2 Timothy 4:2  "Preach the word; be instant in season, out of season; reprove, rebuke, exhort with all longsuffering and doctrine."

This verse sums up a lot about what I learned about ministry in India.  The word "instant" is translated "ready" in other translations.  Paul is telling Timothy in this verse to preach the word, and to be ready to do so "in season", when he's expecting it, and when it's time for preaching, and also "out of season", when he's not expecting it.  In other words, be ready to preach the word no matter what the circumstances.  You don't have any time off of this great commission.  Then he tells him to reprove, rebuke and exhort with all longsuffering...because when you're doing these things and working with people, it requires a LOT of patience...and with all doctrine, because the time will come when they will not endure sound teaching, but will heap teachers after their own lusts, having itching ears.  We are to be ready at all times to preach the word, and to do it with patience and right teaching.  One story from my time in India stands out to me as a good lesson to be ready in all circumstances.

We were in two places in India mainly.  We started out in Chennai and the surrounding villages for a few days, then moved south into the mountains, and worked in Kodikanal and the surrounding villages.  When we got to the mountainous region of Kodikanal, we were in a much nicer and cooler climate, and staying at this nice English-built stone lodge, with a lake and place to eat nearby.

When we arrived, one of the pastors was telling us about our itinerary.  Most of the days, we would be going to a school assembly in the morning and presenting for the kids, then going to villages in the afternoon.  But there were two days when we'd have the afternoon free to do touristy things, because Saturday there was a youth crusade in the morning, and the other day there was a pastor's conference.  So we're all thinking, "Hey, that's a pretty good deal!"  But suddenly, our team leader, Dr.
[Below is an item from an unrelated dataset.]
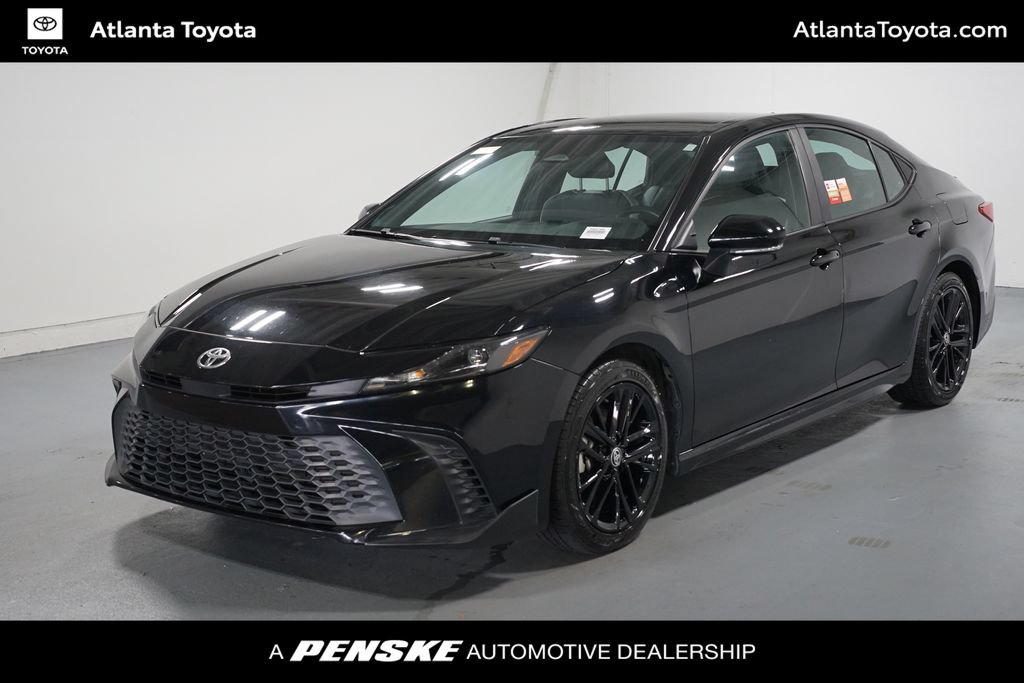 Used 2025 Toyota Camry SE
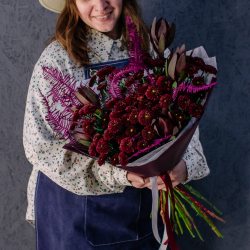 69. Темный стойкий букет с сантини и сафари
Castelino, raised his hand and said, "Actually, we didn't come to do touristy things.  We came to minister.  So if you could find another village or something to go to in the afternoon, we'd rather do that."  And we were all thinking, "Whaaaaa?"  (Just kidding--that was probably just me.  The other members of the team were much more spiritual.)  The pastors had a quick conference with each other in Tamil, then said they weren't sure what they could work out, but they'd try, which contented Dr. Castelino for the time being.  But that ministry glint was in his eye.

We went to a school, called the Zion school, which had the biggest assembly of English-speaking kids we'd had thus far.  We presented the skit of Achan, illustrating the concept of Romans 6:23, and that God is always watching, even when you think nobody else is, and told about the gift of life that He gives us through Jesus Christ.  The only group of kids that were missing were the 10th and 12th graders who had huge exams that they had to study for, making them exempt from the assembly.  We went inside to have tea (which we were served everywhere we went, it seemed...which was okay with me, because it was delicious!) and cookies, courtesy of the principal.  While we were partaking, the principal brought in the 10th and 12th graders for us to pray a blessing over them.  The guys laid hands on the guys and the girls on the girls and we prayed.  Afterwards, we were able to interact with them in English which was a pleasant change of pace for us.  As we were talking with them, Dr. Castelino walked over and announced, "I have been talking with the captain of their state champion volleyball school, who challenged us to a volleyball match on Saturday.  I have accepted on your behalf!"  The translator's eyes widened and he said, "Wait, at your request, we already started looking for other ministry opportunities and had set up something with an orphanage!"  They had a hurried, whispered conference, and then announced that we'd do the youth crusade in the morning and into the afternoon, then volleyball after that, then after dinner around 6, we'd go over to the orphanage.  So now, far from being a day of free time, we had a packed schedule for Saturday!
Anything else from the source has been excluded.